Ключевые слова: карбоангидраза, аноксигенные фототрофные бактерии

В метаболизме бактерий имеется значительное число реакций, субстратом которых являются СО2 или ${\text{HCO}}_{3}^{ - }$. При этом различные пути автотрофной ассимиляции в качестве субстрата в реакциях карбоксилирования используют различные формы неорганического углерода (табл. 1). Концентрация углекислого газа в современной атмосфере составляет 0.04%, что соответствует 12 мкМ для СО2 и 120 мкМ для ${\text{HCO}}_{{\text{3}}}^{ - },$ растворенных в воде (DiMario, 2018). Это ниже величины Km для большинства ферментов, использующих CO2 и/или ${\text{HCO}}_{{\text{3}}}^{ - },$ осуществляющих реакцию карбоксилирования, таких как рибулозо-1,5-бисфосфаткарбоксилаза (РБК), пируваткарбоксилаза, ацетил-КоА-карбоксилаза, фосфоенолпируваткарбоксилаза, пируват- и 3-оксоглутаратсинтаза (Furdui, Ragsdale, 2000; DiMario, 2018). Кроме того, карбоксилазы, использующие СО2 в качестве субстрата, имеют низкое сродство к СО2 (Km) и низкую каталитическую активность. Kcat (число оборотов) для различных форм РБК колеблется в пределах от 4 до 11 s–1, а у пируватсинтазы Clostridium thermoaceticum равна 3.2 s–1 и Km = 2 мM (Furdui, Ragsdale, 2000; Badger, Bek, 2008).

Таблица 1.  

Форма неорганического углерода (СО2/${\text{НСО}}_{{\text{3}}}^{ - }$), используемая в качестве субстрата различными карбоксилазами у фототрофных бактерий

Путь автотрофной фиксации углерода Фермент Форма неорганического углерода
Восстановительный пентозофосфатный цикл (цикл Кальвина) Рибулозо-1,5-бисфосфат карбоксилаза/оксигеназа СО2
Восстановительный цикл трикарбоновых кислот Изоцитратдегидрогеназа СО2
Пируватсинтаза СО2
2-Оксоглутаратсинтаза СО2
Фосфоенолпируваткарбоксилаза  ${\text{HCO}}_{3}^{ - }$
3-Гидроксипропионатный цикл Ацетил-КоА-карбоксилаза  ${\text{HCO}}_{3}^{ - }$
  Пропионил-КоА-карбоксилаза  ${\text{HCO}}_{3}^{ - }$

Для поддержания максимальной скорости функционирования карбоксилирующих ферментов необходимо восполнять концентрацию CO2/${\text{HCO}}_{{\text{3}}}^{ - },$ расходуемых в реакциях карбоксилирования. Эту функцию выполняет карбоангидраза (КА) (EC 4.2.1.1). Необходимость этого обусловлена тем, что спонтанная обратимая гидратация углекислоты СО2 + Н2О ⇆ ${\text{HCO}}_{{\text{3}}}^{ - }$ + Н+ – медленный процесс с Kcat = 15 и 50 s−1 в прямом и обратном направлении соответственно. Карбоангидраза ускоряет эту реакцию на 4–6 порядков (Kcat = 104–106 s−1) (Supuran, Capasso, 2017).

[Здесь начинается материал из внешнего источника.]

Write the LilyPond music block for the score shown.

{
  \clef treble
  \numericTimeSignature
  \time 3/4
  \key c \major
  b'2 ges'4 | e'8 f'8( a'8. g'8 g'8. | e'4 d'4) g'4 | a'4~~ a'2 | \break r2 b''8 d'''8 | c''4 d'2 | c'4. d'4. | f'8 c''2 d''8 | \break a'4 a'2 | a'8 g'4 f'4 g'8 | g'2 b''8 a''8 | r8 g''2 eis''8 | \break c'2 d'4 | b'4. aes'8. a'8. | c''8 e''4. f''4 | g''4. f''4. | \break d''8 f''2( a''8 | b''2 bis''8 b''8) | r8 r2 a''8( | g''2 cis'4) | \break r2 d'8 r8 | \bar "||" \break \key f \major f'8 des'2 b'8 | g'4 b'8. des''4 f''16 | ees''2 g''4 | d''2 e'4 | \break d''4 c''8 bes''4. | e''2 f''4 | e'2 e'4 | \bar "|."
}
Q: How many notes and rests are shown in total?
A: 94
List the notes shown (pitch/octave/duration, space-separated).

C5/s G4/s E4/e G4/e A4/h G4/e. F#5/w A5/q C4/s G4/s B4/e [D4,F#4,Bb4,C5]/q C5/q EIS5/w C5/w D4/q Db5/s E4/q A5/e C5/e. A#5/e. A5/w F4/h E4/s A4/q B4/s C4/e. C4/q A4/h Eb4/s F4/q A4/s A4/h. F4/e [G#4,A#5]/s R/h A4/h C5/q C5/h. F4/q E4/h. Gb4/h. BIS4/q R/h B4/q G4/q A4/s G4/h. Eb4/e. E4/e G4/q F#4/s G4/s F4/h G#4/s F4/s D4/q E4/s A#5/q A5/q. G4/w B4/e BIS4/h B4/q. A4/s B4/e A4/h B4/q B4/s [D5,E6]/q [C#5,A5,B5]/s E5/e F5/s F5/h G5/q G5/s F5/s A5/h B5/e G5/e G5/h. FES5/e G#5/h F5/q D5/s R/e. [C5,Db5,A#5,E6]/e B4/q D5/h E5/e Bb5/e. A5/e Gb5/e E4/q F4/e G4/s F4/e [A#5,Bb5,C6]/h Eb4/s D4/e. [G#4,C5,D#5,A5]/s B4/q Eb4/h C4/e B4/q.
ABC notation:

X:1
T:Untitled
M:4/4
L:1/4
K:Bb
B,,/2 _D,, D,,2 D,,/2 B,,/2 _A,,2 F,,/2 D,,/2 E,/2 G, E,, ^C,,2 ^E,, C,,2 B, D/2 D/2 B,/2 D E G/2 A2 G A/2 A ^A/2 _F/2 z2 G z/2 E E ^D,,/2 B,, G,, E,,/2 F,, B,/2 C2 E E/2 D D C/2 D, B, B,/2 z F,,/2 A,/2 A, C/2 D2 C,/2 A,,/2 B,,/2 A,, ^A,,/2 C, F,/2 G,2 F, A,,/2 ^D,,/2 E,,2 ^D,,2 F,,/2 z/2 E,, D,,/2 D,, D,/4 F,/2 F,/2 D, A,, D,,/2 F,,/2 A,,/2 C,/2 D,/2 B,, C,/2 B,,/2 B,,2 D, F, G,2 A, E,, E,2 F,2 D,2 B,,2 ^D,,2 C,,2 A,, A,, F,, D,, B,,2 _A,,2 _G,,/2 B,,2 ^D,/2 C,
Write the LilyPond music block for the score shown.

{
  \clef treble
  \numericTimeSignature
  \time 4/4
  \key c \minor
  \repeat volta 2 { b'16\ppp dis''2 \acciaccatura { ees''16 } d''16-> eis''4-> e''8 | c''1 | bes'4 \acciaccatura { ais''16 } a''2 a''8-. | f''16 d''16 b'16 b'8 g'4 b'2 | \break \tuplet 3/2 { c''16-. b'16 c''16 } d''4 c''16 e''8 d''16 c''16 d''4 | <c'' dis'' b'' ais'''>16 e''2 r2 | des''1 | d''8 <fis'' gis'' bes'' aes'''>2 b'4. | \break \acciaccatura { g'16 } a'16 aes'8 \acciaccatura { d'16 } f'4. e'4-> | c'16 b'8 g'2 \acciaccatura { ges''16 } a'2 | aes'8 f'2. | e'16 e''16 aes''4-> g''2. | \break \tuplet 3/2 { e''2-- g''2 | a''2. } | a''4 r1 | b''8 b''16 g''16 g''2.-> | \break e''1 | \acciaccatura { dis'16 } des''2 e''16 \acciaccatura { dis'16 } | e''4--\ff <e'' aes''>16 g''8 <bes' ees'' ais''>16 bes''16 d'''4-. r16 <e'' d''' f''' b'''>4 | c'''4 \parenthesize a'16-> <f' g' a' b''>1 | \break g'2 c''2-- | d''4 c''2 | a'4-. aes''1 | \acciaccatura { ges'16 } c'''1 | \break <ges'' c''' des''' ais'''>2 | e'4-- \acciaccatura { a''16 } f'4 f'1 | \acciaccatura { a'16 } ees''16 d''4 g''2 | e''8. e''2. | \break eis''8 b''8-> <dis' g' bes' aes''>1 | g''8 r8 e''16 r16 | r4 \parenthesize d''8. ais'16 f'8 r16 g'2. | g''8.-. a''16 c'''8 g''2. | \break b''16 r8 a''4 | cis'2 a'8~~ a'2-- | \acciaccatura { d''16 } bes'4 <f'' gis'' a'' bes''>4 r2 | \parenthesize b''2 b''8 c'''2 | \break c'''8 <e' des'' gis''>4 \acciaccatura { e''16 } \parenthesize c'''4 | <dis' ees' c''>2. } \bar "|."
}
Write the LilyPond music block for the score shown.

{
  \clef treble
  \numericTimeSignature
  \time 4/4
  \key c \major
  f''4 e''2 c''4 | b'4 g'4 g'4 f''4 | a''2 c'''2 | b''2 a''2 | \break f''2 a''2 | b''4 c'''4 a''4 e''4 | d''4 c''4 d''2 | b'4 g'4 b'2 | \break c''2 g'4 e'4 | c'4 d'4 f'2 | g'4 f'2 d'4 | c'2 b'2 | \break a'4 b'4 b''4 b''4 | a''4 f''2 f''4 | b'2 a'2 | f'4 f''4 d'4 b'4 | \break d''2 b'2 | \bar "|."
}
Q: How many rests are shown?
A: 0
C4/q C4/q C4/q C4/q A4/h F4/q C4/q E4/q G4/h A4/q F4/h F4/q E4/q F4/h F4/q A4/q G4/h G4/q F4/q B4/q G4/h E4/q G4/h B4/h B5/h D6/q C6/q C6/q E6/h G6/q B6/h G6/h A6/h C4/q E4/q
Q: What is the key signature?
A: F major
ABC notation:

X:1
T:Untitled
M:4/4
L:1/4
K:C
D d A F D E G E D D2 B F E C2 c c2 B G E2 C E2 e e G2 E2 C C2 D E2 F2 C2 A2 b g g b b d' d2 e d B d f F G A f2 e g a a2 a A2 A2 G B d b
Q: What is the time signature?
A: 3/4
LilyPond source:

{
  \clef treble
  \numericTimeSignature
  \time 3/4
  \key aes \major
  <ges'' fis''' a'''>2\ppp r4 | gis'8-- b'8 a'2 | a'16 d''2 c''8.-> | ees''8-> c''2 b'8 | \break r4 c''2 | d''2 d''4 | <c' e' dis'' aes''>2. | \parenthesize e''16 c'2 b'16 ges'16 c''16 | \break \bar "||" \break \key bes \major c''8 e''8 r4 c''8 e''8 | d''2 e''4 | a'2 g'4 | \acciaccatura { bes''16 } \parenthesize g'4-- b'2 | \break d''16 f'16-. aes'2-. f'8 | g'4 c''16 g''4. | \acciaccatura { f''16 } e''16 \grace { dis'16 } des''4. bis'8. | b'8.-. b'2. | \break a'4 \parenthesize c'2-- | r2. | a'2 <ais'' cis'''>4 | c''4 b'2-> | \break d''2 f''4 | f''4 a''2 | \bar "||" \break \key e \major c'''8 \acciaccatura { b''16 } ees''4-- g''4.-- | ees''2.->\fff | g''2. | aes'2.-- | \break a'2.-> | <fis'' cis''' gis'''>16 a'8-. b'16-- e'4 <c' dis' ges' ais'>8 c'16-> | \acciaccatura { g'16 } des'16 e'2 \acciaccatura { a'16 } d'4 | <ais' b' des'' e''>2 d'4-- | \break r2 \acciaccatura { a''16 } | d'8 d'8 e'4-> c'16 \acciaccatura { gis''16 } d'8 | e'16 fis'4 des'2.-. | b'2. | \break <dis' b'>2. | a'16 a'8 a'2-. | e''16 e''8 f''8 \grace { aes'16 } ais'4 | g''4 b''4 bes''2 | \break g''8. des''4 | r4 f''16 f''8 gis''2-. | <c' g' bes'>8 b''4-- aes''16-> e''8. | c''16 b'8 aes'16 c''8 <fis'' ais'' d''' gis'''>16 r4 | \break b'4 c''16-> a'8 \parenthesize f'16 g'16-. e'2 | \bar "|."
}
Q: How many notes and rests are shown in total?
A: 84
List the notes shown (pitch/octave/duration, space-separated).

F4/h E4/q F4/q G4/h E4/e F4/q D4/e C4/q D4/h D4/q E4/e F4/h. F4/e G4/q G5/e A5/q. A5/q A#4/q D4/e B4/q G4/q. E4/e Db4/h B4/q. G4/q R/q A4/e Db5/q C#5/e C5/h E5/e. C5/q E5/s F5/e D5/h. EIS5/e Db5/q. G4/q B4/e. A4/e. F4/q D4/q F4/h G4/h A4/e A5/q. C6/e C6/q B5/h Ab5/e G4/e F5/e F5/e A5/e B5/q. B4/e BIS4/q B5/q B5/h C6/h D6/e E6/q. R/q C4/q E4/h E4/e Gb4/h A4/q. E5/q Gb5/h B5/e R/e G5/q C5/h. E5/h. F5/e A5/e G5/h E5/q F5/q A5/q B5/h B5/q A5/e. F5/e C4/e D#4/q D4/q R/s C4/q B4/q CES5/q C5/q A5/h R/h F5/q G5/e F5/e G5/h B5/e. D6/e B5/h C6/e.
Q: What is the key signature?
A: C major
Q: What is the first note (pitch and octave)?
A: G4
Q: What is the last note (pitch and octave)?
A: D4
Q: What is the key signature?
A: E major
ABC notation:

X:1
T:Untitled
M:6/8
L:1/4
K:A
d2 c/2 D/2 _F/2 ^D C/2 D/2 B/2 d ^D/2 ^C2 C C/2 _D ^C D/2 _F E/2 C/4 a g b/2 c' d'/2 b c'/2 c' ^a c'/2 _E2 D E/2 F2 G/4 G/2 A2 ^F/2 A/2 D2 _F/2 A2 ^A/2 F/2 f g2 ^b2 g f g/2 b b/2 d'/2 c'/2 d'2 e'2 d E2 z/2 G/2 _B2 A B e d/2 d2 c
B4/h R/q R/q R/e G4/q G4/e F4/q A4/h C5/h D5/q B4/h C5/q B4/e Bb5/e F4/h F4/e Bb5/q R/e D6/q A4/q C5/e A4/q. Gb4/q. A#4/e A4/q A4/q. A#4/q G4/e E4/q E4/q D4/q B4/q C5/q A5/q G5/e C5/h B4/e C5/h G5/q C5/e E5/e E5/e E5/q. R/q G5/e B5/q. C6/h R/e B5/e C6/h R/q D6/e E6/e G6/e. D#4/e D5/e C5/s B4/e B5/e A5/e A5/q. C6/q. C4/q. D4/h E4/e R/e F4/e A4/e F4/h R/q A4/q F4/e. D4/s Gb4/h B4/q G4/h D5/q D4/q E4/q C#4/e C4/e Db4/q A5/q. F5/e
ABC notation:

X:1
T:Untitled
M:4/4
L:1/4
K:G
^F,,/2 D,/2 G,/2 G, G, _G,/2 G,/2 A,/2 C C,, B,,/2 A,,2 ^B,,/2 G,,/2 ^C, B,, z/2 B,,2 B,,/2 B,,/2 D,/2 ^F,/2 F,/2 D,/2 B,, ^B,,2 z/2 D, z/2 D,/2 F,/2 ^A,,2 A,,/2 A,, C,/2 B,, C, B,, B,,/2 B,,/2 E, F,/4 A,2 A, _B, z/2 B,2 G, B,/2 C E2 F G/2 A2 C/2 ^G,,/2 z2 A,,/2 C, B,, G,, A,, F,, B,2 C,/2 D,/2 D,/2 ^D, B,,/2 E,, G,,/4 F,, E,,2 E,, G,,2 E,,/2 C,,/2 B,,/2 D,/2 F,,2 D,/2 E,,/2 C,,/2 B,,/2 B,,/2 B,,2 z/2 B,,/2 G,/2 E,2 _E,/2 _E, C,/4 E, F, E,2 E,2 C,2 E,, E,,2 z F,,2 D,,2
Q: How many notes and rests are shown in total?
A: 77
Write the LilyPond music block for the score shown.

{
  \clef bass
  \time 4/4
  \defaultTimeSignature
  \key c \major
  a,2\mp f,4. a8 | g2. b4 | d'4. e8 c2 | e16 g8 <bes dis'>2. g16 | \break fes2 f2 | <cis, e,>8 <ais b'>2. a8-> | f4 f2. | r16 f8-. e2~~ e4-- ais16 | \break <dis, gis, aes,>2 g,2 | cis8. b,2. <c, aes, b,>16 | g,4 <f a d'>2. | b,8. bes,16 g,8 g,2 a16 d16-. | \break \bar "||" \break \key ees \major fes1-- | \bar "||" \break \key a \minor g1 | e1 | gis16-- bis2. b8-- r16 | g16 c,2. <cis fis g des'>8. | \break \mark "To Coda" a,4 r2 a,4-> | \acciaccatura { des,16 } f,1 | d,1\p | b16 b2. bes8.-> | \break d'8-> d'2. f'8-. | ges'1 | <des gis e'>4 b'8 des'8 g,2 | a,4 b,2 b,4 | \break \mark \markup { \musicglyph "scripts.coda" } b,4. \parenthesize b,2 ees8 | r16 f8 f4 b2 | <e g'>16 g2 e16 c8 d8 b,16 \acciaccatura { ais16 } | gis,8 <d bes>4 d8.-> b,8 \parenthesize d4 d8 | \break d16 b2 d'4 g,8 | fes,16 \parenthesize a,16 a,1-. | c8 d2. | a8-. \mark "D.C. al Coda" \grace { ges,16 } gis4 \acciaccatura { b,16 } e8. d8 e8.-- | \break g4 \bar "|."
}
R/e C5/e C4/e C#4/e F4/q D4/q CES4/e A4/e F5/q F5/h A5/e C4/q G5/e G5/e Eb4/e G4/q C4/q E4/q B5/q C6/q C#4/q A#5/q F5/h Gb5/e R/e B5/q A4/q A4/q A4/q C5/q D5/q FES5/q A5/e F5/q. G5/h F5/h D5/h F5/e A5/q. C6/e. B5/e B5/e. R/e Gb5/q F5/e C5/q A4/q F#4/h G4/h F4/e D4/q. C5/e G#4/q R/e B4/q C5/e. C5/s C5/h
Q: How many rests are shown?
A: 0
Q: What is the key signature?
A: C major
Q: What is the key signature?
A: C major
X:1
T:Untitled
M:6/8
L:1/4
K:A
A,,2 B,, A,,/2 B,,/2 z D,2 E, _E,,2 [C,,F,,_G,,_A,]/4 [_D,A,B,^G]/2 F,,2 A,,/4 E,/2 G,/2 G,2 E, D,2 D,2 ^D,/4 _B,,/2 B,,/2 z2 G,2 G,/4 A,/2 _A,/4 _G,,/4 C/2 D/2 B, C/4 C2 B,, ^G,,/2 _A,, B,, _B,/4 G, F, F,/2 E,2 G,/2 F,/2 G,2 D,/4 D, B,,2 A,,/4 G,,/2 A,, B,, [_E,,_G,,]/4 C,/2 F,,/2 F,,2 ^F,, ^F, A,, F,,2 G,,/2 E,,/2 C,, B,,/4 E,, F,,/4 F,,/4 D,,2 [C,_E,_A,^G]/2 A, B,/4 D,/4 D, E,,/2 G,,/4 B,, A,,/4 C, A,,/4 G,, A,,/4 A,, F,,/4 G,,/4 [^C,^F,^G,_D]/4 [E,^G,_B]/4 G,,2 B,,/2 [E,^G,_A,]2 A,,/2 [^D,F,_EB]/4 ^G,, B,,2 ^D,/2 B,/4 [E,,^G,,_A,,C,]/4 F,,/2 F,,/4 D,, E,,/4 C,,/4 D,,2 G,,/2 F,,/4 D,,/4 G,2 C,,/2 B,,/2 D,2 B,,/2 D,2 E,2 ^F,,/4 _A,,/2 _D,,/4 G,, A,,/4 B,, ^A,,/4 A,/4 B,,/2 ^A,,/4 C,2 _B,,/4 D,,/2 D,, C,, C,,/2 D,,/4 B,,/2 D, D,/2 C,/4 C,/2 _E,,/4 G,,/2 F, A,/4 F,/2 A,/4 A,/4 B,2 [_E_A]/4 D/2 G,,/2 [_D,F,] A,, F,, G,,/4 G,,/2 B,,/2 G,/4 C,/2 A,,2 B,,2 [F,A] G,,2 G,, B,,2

Гены КА обнаружены у представителей всех трех таксономических доменов: архей, бактерий и эукариот (Capasso, Supuran, 2015). Исключение составляют эндосимбионты или бактерии, растущие при высоком (1–5%) содержании СО2 в окружающей среде. Предполагается, что эти бактерии утратили КА в процессе адаптации к таким условиям (Ueda et al., 2012). Карбоангидразы бактерий принадлежат к трем генетически различным группам: α- β- и γ-КА. В их каталитическом центре содержатся ион Zn2+. α-КА локализована в периплазматическом пространстве и встречается только у грамотрицатальных бактерий (Supuran, Capasso, 2017). β- и γ-КА имеют цитоплазматическую локализацию (Gai et al., 2014; Capasso, Supuran, 2015). КА является также обязательным компонентом карбоксисом цианобактерий и хемолитоавтотрофных бактерий (Sawaya et al., 2006; Rae et al., 2013).

Исследование КА фототрофных организмов ограничено в основном высшими растениями, водорослями и цианобактериями (DiMario, 2018). КА фототрофных бактерий исследованы в значительно меньшей степени. Наличие карбоангидразной активности показано для двух видов: Rhodospirillum rubrum (Gill et al., 1984) и Rhodopseudomonas palustris (Puskas et al., 2000). КА обеих бактерий были очищены до гомогенного состояния, имели молекулярную массу 28 и 27 кДа соответственно и относились к КА α-типа. Локализация и функция КА исследованы только для Rps. palustris. КА Rps. palustris локализована в периплазматическом пространстве, и, по-видимому, ее основной функцией является участие в системе транспорта неорганического углерода в клетки бактерии, восполняя его убыль в периплазме в результате функционирования внутриклеточных реакций карбоксилирования. В пользу этого свидетельствует торможение роста R. palustris при добавлении ацетазоламида – ингибитора КА, и медленный рост мутантов, лишенных α-КА. Добавление высоких концентраций бикарбоната или СО2 восстанавливает скорость роста R. palustris (Puskas et al., 2000).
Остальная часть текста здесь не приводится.